On May 4, 1864, Grant launched his Overland Campaign when the Army of the Potomac crossed the Rappahannock and Rapidan Rivers, occupying an area locally known as the Wilderness. For the next eight weeks, the two sides engaged in a series of horrific battles that produced unprecedented numbers of casualties. Following a bloody frontal assault at Cold Harbor that cost the Federals roughly 13,000 casualties, Grant abandoned his hope to defeat Lee’s army head-on. Instead, Grant aimed to isolate the Army of Northern Virginia at Richmond and slowly starve it into submission by cutting off its supply lines. The key to the plan was capturing Petersburg, Virginia.
Petersburg, Virginia, sits on the south bank of the Appomattox River, approximately twenty miles south of Richmond. During the Civil War, the Richmond and Petersburg Railroad was an important conduit for supplies to the Confederate capital. Besides the Richmond and Petersburg Railroad, two other rail lines converged at Petersburg. The Weldon Railroad (also called the Petersburg and Weldon Railroad) connected Petersburg to the Confederacy’s last linkage to overseas markets at Wilmington, North Carolina. Farther to the west, the South Side Railroad joined Petersburg to Lynchburg, Virginia, and points westward. If Grant could cut the rail lines, it would force Lee to abandon Richmond.
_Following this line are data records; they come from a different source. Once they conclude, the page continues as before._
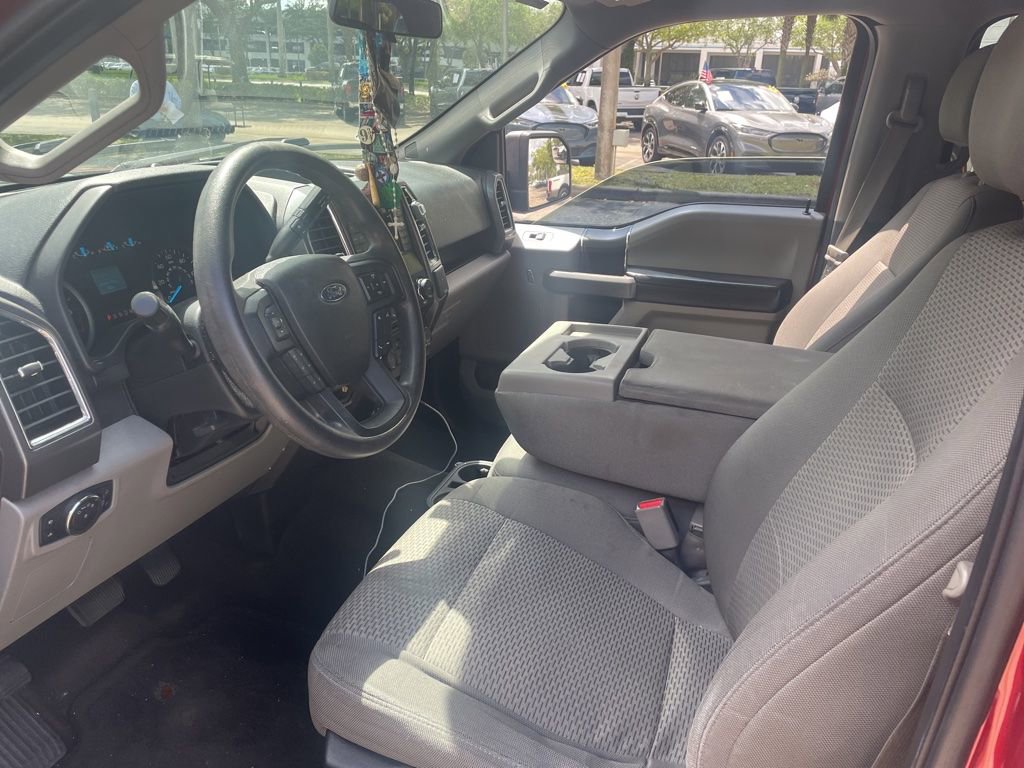 Used 2015 Ford F150 XLT image 3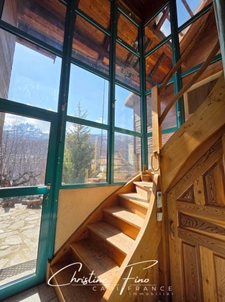 SERRE CHEVALIER - LA SALLE LES ALPES Beautiful village house with outdoor space
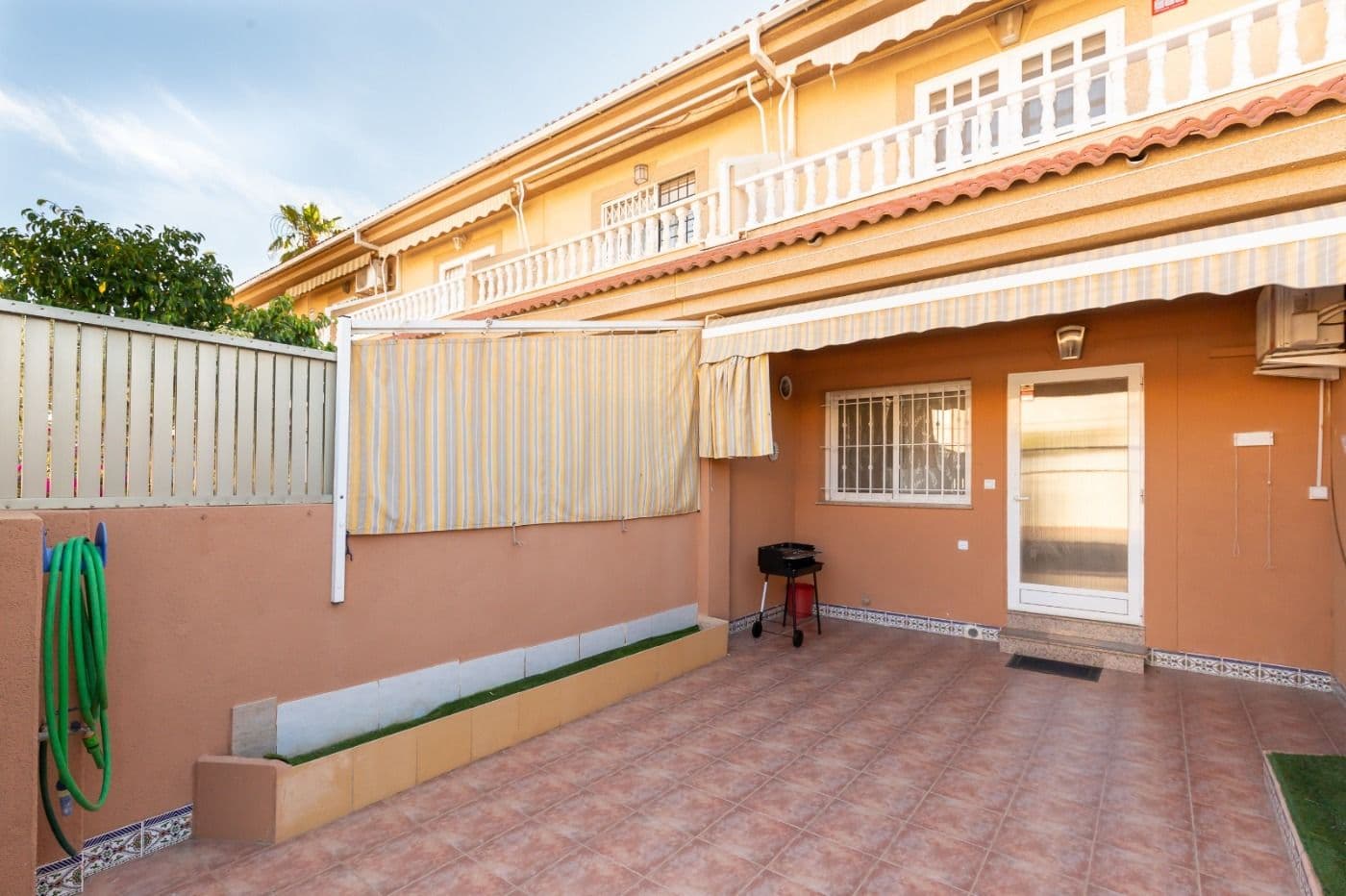 Just 500 meters from the beach, in the sought-after area of Playa de Santiago de la Ribera, you'll find this beautiful terraced house ready to move into. With a built area of 88 m², this home offers the perfect balance of comfort, style, and location. It features three spacious double bedrooms and two full bathrooms — ideal for families or those who need extra space to work from home or host guests. The fully equipped kitchen blends seamlessly into a functional living space, with carefully selected details and quality finishes such as wooden interior carpentry, porcelain tile floors, and PVC/climalit windows for excellent insulation and comfort. Facing east, the house is especially bright, with large rooms that receive morning sun and create a warm and welcoming atmosphere. Among its many extras are air conditioning, built-in wardrobes, high ceilings, skylights, installed TV, a terrace, balcony, and a lovely patio for enjoying the outdoors. A private garage is also included, adding even more value and convenience. Located in a central and well-connected area, surrounded by all kinds of services: supermarkets, shopping centers, schools, hospitals, universities, green areas, and playgrounds. Just a short walk from the sea, with nearby bus stops and a peaceful, natural environment, this property is perfect both for year-round living and as a second home. Enjoy open views, pleasant surroundings, and the privilege of living just minutes from the Mediterranean. A unique opportunity to invest in quality of life. Come and see it—you’ll fall in love!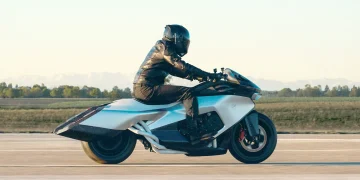 موتورسیکلت مفهومی جدید BMW با ظاهری شبیه هواپیماهای مافوق صوت معرفی شد
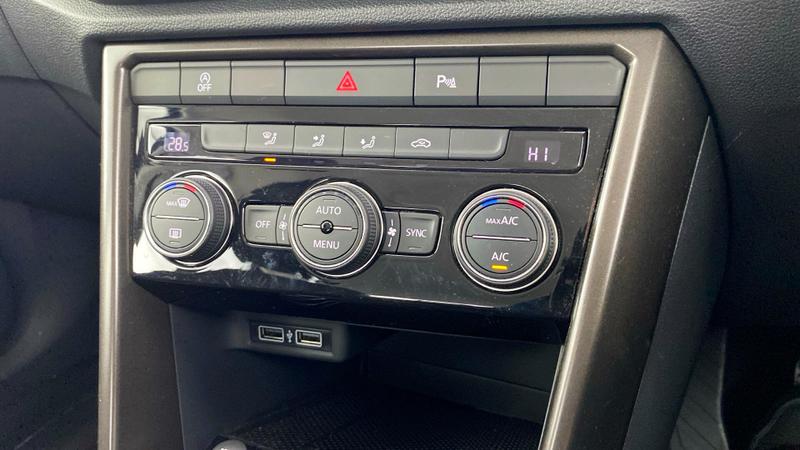 Used Volkswagen T-Roc 2020 for sale - 76722902: Photo 25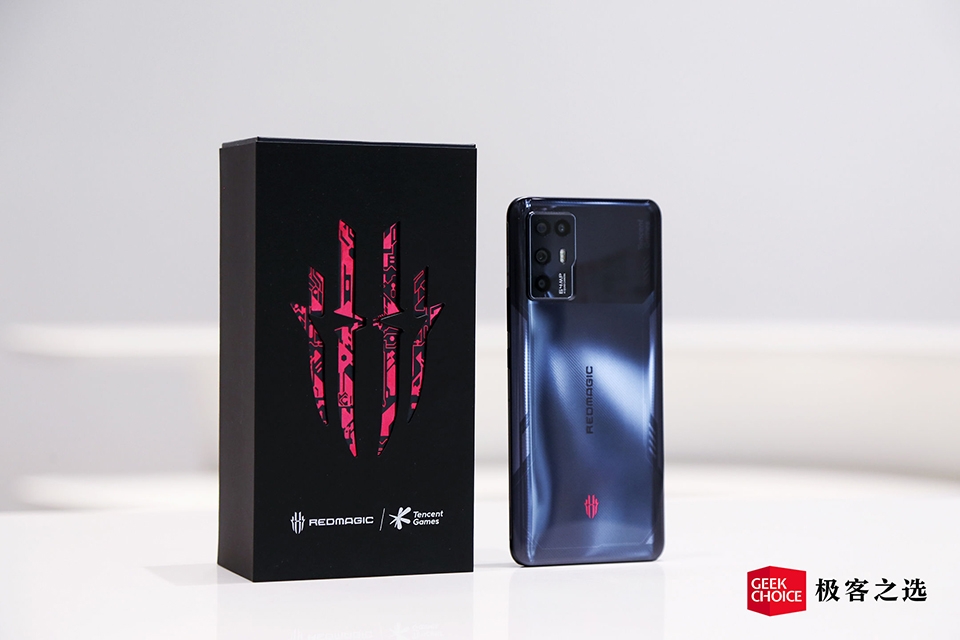 Nubia RedMagic 6R có mặt lưng độc đáo Nubia RedMagic 6R có mặt lưng độc đáo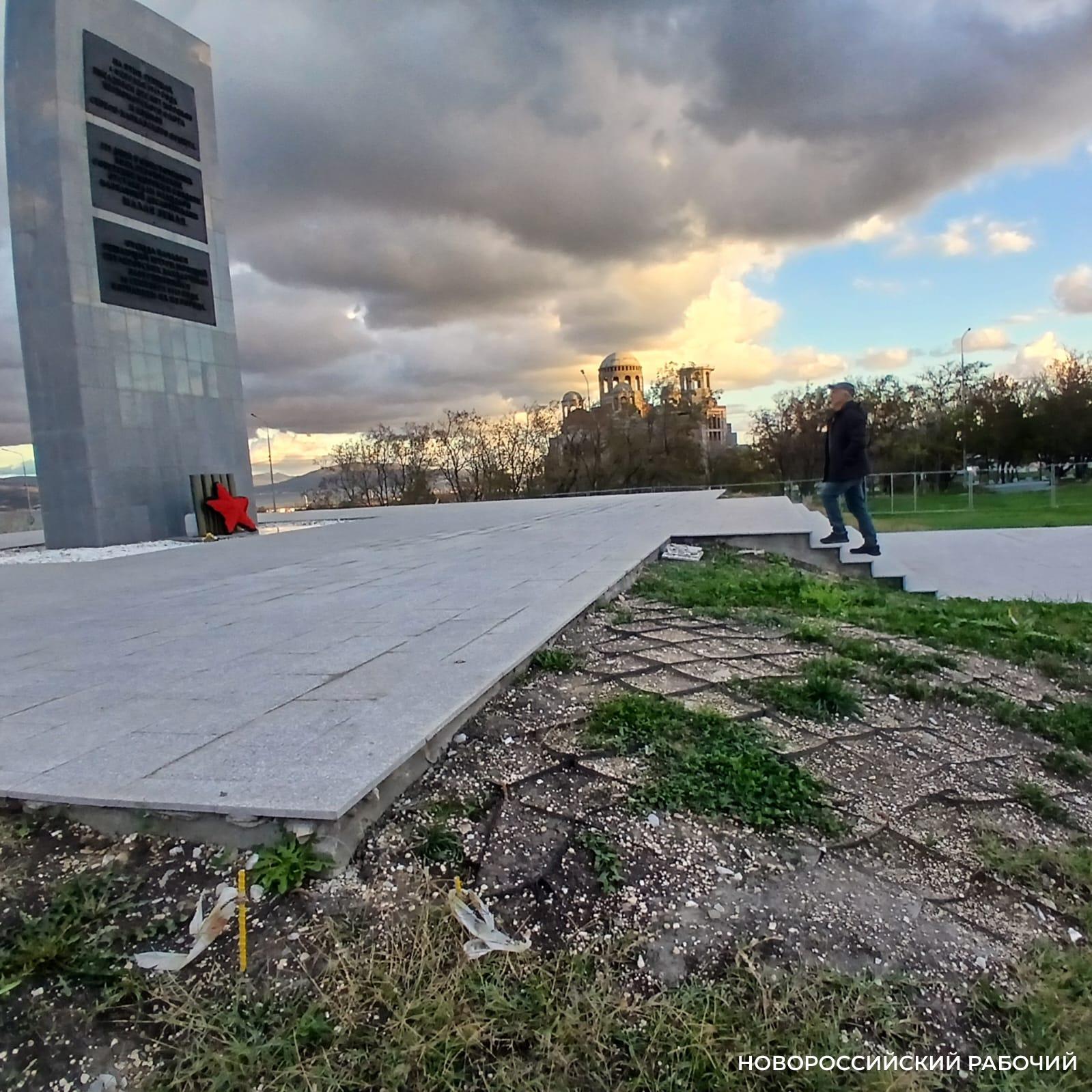 Трава вокруг стелы в Новороссийске будет долго прорастать после рулонного газона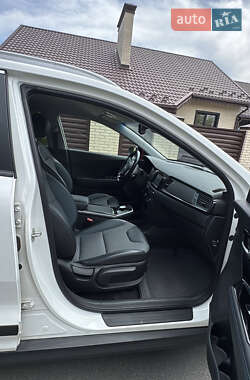 Позашляховик / Кросовер Kia Niro 2018 в Полтаві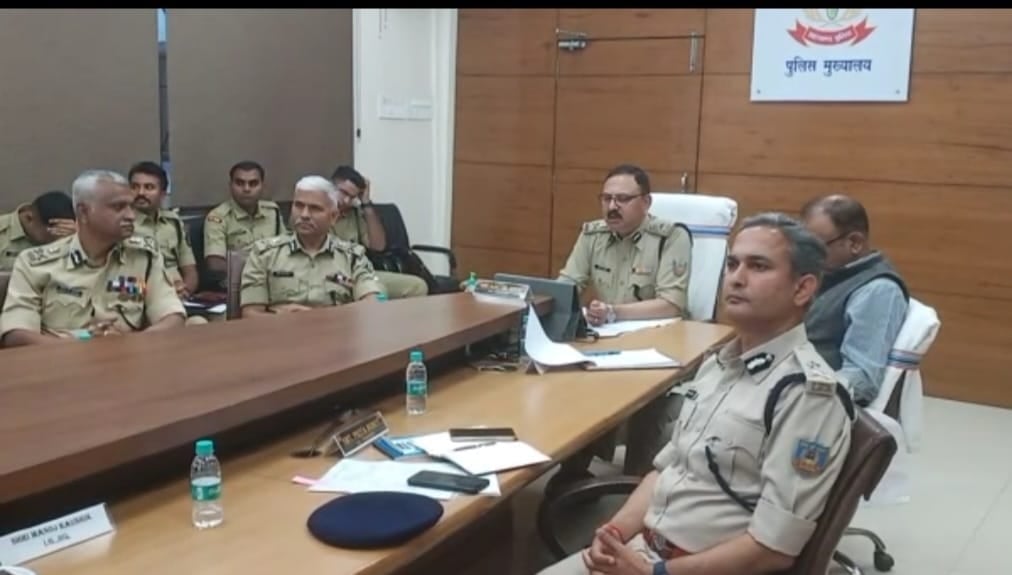कुख्यात अपराधियों को अभियान चलाकर भेजें जेल, लंबित कांडों का जल्द करें निष्पादन, नहीं तो.... जानिए डीजीपी ने क्या कहा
Forcing Lee to Defend Two Fronts
Although Grant’s focus during the summer and fall of 1864 was on cutting off supply routes into Petersburg, he also launched several assaults north of the James River against Richmond. Grant recognized that forcing Lee to defend two fronts would thin the Confederate defenses around Petersburg, enhancing Union expectations for success. At the Battle of Chaffin’s Farm and New Market Heights (September 29–30, 1864) federal soldiers captured Fort Harrison and other portions of Richmond’s outer defenses along Darbytown and New Market Roads.
Darbytown and New Market Roads run roughly parallel to each other into Richmond from the southeast. The federals anchored the right flank of their lines outside Richmond at Darbytown Road, several miles north of New Market Road. Attempting to regain the ground lost at the Battle of Chaffin’s Farm and New Market Heights, Lee ordered an offensive against the newly extended federal lines one week later.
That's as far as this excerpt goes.